Testability Benefit:
def test_poiseuille_flow():
"""Test physics without any I/O"""
# Create config in memory
config = dict_adapter.load_simulation_config({
"lattice_type": "D2Q9",
"tau": 0.8,
"grid_shape": [64, 64]
})
# Run core logic
setup = build_setup(config)
state = init_state(config, setup)
final_state = run(state, setup, n_steps=1000)
# Assert physics properties
assert velocity_profile_is_parabolic(final_state.u)
# No file system, no mocking, no adapter complexity!
Summary Table
Operator Registration System
Operators self-register via decorators:
from tud_lbm import registry
@registry.collision_operator(name="bgk")
def bgk_collision(f, feq, tau):
return f - (f - feq) / tau
This avoids the factory anti-pattern where a single factory file must import everything. Instead:
Operators register themselves on import
Registry is a lookup table (key → implementation)
Factory simply does:
registry.get_operators(kind)[name]
Benefits: - New operators added without modifying factory - Circular imports prevented (registry is independent) - Operator location reflects physics category
Configuration as Pure Data
Configuration uses immutable dataclasses:
@dataclass(frozen=True)
class SimulationConfig:
grid_shape: tuple[int, ...]
lattice_type: str
tau: float
run_type: str
# ... other physics parameters
NOT (❌):
class Simulation:
def __init__(self, ...):
self.collision_fn = load_collision_operator(...)
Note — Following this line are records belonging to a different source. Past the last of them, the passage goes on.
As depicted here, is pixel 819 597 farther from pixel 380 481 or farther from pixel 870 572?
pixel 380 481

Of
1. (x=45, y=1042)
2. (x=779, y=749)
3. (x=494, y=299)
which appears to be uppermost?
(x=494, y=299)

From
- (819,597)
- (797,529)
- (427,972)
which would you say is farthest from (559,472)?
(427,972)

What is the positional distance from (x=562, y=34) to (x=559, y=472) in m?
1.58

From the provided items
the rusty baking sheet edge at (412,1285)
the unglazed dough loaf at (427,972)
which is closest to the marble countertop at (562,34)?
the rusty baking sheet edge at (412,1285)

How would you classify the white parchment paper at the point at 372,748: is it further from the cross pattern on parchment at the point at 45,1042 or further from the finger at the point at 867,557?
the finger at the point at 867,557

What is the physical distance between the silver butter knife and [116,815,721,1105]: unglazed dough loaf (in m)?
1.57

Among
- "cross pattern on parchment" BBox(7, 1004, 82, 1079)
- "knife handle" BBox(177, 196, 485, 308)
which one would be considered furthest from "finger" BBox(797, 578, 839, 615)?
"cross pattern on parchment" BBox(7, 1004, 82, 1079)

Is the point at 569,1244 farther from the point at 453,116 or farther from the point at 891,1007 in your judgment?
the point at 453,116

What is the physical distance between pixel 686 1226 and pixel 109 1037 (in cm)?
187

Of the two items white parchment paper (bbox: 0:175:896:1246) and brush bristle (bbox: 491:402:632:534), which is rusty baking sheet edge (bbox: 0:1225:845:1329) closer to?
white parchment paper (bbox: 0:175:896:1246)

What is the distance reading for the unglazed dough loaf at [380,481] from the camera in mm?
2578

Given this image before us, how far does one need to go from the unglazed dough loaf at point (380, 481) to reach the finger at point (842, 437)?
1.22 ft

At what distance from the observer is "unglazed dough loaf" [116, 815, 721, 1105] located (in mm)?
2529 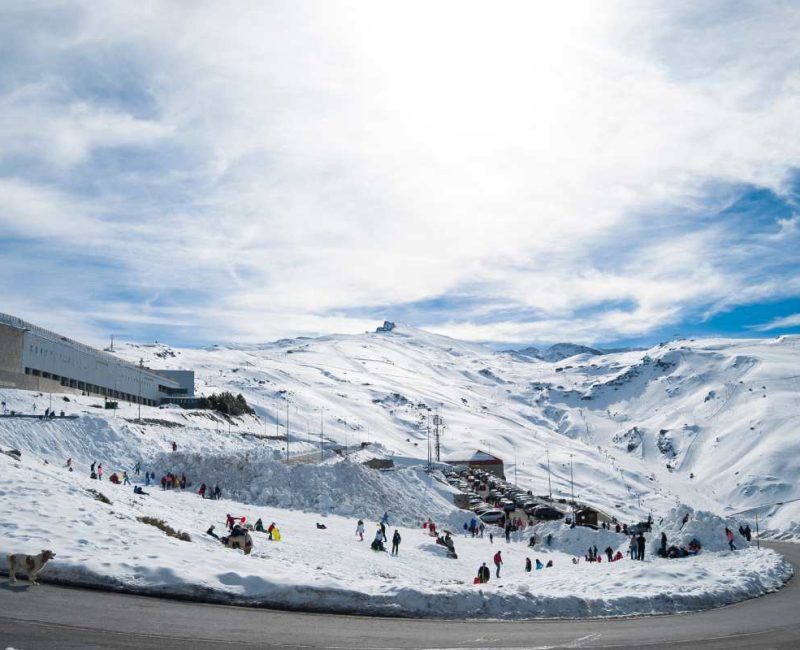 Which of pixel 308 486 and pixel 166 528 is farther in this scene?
pixel 308 486

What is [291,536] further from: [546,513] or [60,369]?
[60,369]

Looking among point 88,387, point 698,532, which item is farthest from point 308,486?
point 88,387

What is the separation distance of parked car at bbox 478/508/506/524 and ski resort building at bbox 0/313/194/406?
43.1 metres

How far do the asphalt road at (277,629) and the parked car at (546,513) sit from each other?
48.7 m

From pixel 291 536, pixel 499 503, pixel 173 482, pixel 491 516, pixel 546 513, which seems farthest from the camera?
pixel 499 503

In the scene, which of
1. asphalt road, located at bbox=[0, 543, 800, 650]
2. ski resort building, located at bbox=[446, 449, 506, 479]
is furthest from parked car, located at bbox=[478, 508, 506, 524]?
ski resort building, located at bbox=[446, 449, 506, 479]

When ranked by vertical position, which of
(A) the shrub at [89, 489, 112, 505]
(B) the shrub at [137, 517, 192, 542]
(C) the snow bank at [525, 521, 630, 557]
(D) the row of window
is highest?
(D) the row of window

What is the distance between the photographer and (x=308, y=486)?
47.2 meters

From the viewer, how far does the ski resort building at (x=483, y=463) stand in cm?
10788

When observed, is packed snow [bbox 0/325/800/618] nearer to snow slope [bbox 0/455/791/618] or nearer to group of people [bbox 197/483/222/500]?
snow slope [bbox 0/455/791/618]

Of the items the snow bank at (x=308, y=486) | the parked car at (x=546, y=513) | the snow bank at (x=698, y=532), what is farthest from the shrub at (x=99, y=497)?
the parked car at (x=546, y=513)

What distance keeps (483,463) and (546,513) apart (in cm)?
4591

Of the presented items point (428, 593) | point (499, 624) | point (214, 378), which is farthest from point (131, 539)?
point (214, 378)

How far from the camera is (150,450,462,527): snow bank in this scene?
45438mm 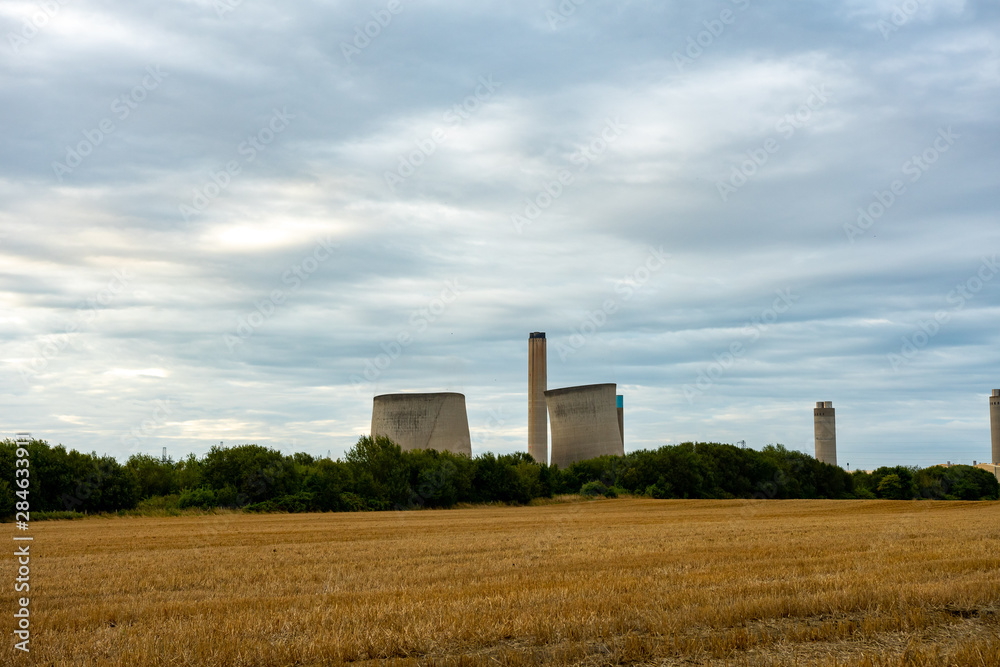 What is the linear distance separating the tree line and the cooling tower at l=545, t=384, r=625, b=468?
23.0 ft

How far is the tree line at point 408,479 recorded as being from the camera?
50.3 meters

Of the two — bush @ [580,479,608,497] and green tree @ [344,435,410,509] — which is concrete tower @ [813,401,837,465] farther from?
green tree @ [344,435,410,509]

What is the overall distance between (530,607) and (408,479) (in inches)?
2137

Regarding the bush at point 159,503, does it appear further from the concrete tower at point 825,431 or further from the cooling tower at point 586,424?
the concrete tower at point 825,431

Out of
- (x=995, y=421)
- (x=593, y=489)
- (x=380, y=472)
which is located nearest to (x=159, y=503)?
(x=380, y=472)

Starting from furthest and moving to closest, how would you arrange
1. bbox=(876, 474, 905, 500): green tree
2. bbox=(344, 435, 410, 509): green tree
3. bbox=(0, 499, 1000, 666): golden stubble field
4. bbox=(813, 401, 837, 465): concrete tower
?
1. bbox=(813, 401, 837, 465): concrete tower
2. bbox=(876, 474, 905, 500): green tree
3. bbox=(344, 435, 410, 509): green tree
4. bbox=(0, 499, 1000, 666): golden stubble field

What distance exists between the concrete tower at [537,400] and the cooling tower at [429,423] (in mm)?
33694

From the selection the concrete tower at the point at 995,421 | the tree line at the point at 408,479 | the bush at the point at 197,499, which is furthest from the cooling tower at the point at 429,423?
the concrete tower at the point at 995,421

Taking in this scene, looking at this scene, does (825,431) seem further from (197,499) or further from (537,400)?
(197,499)

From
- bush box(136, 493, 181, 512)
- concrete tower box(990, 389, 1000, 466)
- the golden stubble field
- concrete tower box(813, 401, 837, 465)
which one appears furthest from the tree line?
concrete tower box(990, 389, 1000, 466)

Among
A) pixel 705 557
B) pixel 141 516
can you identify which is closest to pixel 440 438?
pixel 141 516

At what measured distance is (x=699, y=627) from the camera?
9.78 m

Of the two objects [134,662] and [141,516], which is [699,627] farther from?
[141,516]

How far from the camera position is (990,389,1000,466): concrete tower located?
148625mm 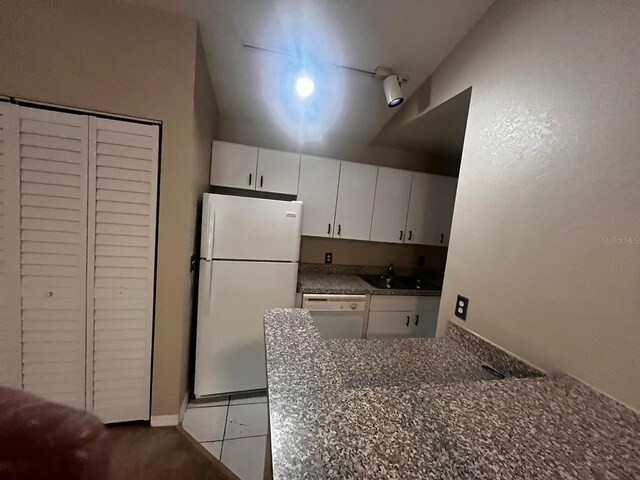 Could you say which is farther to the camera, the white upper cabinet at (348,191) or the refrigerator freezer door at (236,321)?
the white upper cabinet at (348,191)

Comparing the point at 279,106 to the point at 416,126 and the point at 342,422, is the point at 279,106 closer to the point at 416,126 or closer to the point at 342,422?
the point at 416,126

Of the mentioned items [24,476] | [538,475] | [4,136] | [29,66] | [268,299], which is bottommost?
[268,299]

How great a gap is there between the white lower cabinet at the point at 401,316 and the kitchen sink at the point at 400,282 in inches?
6.8

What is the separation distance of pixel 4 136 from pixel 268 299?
174 centimetres

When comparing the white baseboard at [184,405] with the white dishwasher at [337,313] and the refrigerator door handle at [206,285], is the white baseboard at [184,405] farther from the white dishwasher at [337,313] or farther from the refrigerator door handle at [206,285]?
the white dishwasher at [337,313]

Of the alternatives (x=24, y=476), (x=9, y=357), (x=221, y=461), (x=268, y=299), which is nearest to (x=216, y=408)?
(x=221, y=461)

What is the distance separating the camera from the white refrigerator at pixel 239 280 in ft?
6.39

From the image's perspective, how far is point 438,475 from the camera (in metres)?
0.53

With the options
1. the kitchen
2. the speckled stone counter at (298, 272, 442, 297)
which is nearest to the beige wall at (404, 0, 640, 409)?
the kitchen

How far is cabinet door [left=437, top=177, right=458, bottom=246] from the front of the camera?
2.74m

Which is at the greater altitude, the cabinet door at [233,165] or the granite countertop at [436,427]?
the cabinet door at [233,165]

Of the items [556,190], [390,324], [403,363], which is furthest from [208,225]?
[556,190]

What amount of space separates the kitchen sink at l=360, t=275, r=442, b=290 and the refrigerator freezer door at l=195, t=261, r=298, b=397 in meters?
0.97


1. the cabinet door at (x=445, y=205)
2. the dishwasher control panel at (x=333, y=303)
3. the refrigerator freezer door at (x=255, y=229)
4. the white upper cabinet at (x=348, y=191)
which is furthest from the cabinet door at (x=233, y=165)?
the cabinet door at (x=445, y=205) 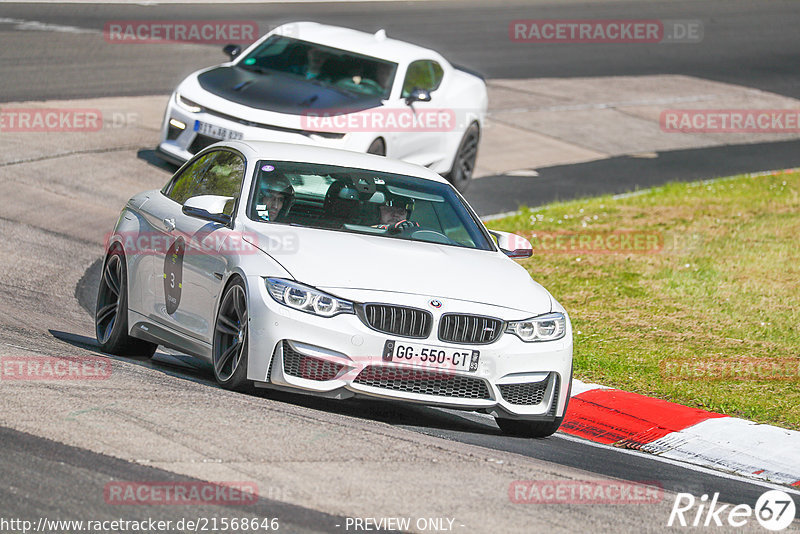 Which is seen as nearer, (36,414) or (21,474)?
(21,474)

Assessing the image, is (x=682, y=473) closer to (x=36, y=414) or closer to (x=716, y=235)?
(x=36, y=414)

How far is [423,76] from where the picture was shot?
1667cm

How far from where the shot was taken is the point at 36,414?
252 inches

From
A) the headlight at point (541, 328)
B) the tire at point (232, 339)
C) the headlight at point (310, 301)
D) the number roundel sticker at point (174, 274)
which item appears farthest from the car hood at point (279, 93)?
the headlight at point (310, 301)

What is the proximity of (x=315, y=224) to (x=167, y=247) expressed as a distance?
1040 mm

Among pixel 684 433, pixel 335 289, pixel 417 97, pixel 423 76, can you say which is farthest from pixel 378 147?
pixel 335 289

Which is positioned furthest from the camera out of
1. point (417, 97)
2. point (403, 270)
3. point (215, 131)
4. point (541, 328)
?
point (417, 97)

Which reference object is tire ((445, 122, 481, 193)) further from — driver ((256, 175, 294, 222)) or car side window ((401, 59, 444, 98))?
driver ((256, 175, 294, 222))

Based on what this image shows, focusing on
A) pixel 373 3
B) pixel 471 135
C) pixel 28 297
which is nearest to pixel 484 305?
pixel 28 297

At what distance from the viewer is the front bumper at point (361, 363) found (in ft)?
23.6

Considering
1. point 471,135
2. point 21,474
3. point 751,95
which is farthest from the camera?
point 751,95

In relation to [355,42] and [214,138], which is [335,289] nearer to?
[214,138]

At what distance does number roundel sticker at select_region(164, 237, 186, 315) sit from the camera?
328 inches

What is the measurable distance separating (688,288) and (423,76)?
5273mm
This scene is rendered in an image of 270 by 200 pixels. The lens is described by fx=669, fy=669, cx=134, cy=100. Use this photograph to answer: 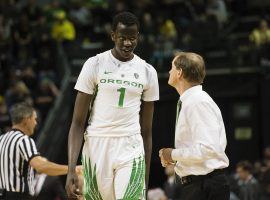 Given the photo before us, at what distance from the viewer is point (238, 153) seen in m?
15.2

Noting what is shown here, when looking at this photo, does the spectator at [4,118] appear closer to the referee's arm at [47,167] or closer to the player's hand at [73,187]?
the referee's arm at [47,167]

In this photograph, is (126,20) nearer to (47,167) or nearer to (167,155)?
(167,155)

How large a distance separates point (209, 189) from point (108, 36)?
461 inches

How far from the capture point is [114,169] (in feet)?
18.1

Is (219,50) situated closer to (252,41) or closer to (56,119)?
(252,41)

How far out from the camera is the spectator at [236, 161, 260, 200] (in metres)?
11.7

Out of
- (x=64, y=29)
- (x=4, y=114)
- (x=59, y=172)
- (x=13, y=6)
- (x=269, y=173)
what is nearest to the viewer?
(x=59, y=172)

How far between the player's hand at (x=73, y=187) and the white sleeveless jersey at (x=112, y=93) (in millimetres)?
419

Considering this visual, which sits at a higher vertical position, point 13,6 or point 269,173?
point 13,6

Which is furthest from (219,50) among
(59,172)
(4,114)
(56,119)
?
(59,172)

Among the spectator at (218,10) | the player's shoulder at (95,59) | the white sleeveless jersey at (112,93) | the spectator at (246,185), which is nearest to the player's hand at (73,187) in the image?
the white sleeveless jersey at (112,93)

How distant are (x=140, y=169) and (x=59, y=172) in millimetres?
1421

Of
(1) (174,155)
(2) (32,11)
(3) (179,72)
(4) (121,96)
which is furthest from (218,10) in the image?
(1) (174,155)

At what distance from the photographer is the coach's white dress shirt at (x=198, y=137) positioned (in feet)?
16.3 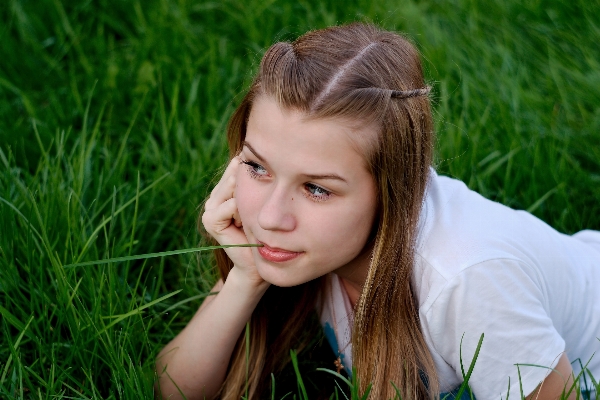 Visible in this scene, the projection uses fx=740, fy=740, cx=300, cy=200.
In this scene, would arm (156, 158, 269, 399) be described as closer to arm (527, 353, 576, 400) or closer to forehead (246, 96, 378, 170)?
forehead (246, 96, 378, 170)

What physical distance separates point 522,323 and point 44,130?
2216mm

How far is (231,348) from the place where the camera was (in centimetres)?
235

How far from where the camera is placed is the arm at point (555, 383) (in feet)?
6.57

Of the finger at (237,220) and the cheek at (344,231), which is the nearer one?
the cheek at (344,231)

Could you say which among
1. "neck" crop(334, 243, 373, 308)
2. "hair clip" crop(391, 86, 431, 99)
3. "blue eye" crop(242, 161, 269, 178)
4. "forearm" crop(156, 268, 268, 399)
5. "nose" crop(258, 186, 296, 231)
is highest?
"hair clip" crop(391, 86, 431, 99)

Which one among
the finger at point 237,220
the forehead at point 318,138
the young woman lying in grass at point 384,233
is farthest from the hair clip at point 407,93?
the finger at point 237,220

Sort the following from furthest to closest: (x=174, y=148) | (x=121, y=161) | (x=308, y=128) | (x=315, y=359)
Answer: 1. (x=174, y=148)
2. (x=121, y=161)
3. (x=315, y=359)
4. (x=308, y=128)

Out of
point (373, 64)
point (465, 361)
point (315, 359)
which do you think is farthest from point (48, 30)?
point (465, 361)

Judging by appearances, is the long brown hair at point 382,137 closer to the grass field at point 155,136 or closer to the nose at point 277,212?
the nose at point 277,212

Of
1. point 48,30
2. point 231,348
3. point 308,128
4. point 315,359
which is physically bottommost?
point 315,359

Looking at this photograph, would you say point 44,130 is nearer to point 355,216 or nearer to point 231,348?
point 231,348

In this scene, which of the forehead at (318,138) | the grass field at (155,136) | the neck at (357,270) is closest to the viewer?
the forehead at (318,138)

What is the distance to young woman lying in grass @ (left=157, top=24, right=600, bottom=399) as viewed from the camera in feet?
6.03

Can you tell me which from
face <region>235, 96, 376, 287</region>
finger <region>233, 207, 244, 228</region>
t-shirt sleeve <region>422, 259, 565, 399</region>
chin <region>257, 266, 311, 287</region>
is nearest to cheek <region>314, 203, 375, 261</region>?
face <region>235, 96, 376, 287</region> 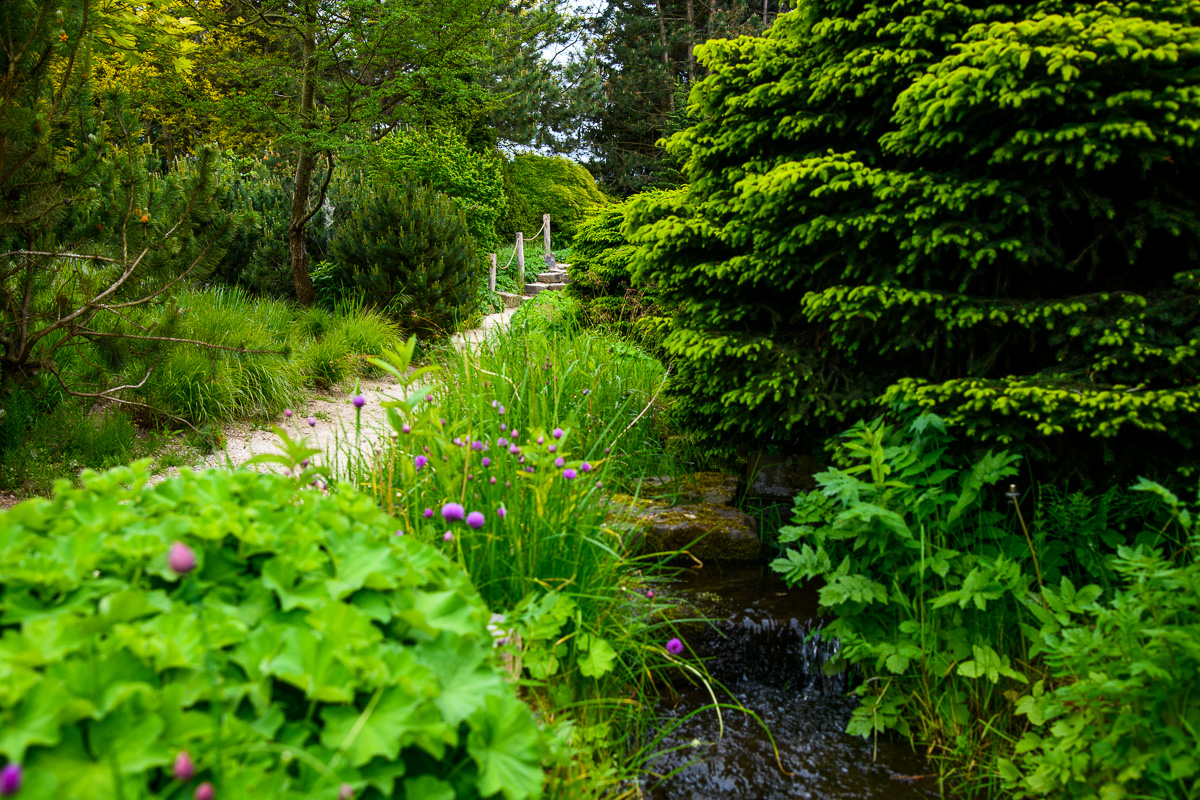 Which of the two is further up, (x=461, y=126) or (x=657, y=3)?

self.streaming_fn = load_streaming_operator(...)
# Live objects embedded in config
Why immutable: - JAX pytree-compatible - No hidden state mutations - Thread-safe - Testable: same config → reproducible results - Config can be serialized/deserialized easily
State Management
Simulation state flows through JAX’s functional paradigm:
class State(NamedTuple):
f: jax.Array # Populations (d×q array)
u: jax.Array # Velocity field
rho: jax.Array # Density field
# Pure function: same state → same output
def step(state: State, setup: SimulationSetup) -> State:
return apply_operators(state, setup.operators)
# Jitted timestep loop
final_state, diagnostics = jax.lax.scan(step, initial_state, n_steps)
Benefits: - Transparent JAX compilation (no side effects) - Reproducible results - Easy checkpointing/restart - Functional composition
Pipeline Execution
Three layers:
build_setup() (composition root) - Loads config - Instantiates operators from registry - Creates SimulationSetup (immutable, jittable)
init_state() (initialization) - Uses selected initializer operator - Returns initial State (NamedTuple)
run() (jitted timestep loop) - Uses JAX scan for efficient compilation - Applies collision, streaming, boundary operators - Returns final state + diagnostics
Input/Output Adapters
Readers (input adapters in readers/)
Convert external formats to SimulationConfig:
TOML file
↓
toml.py (parser)
↓
SimulationConfig (pure dataclass)
Benefits: - Decouples file format from core logic - Multiple input formats supported - Easy to add CSV, HDF5, JSON, etc.
IO Handlers (output adapters in io/)
Convert State to external formats:
State (JAX arrays)
↓
output_data.py (handler)
↓
VTK, NumPy, matplotlib plots
Benefits: - Core logic doesn’t know about file formats - Post-processing loosely coupled - Multiple simultaneous outputs - Testable independently
Why Not Everything in Operators?
Some libraries put everything (collision, streaming, boundaries, output) in a monolithic “operators” directory.
Our approach separates:
operators/— Physics transformations (pure functions)pipeline/— Execution (composition, timing, callbacks)io/— Output formatting (presentation layer)readers/— Input parsing (presentation layer)
Rationale:
Operators are stable (physics doesn’t change)
Pipeline evolves (new execution strategies)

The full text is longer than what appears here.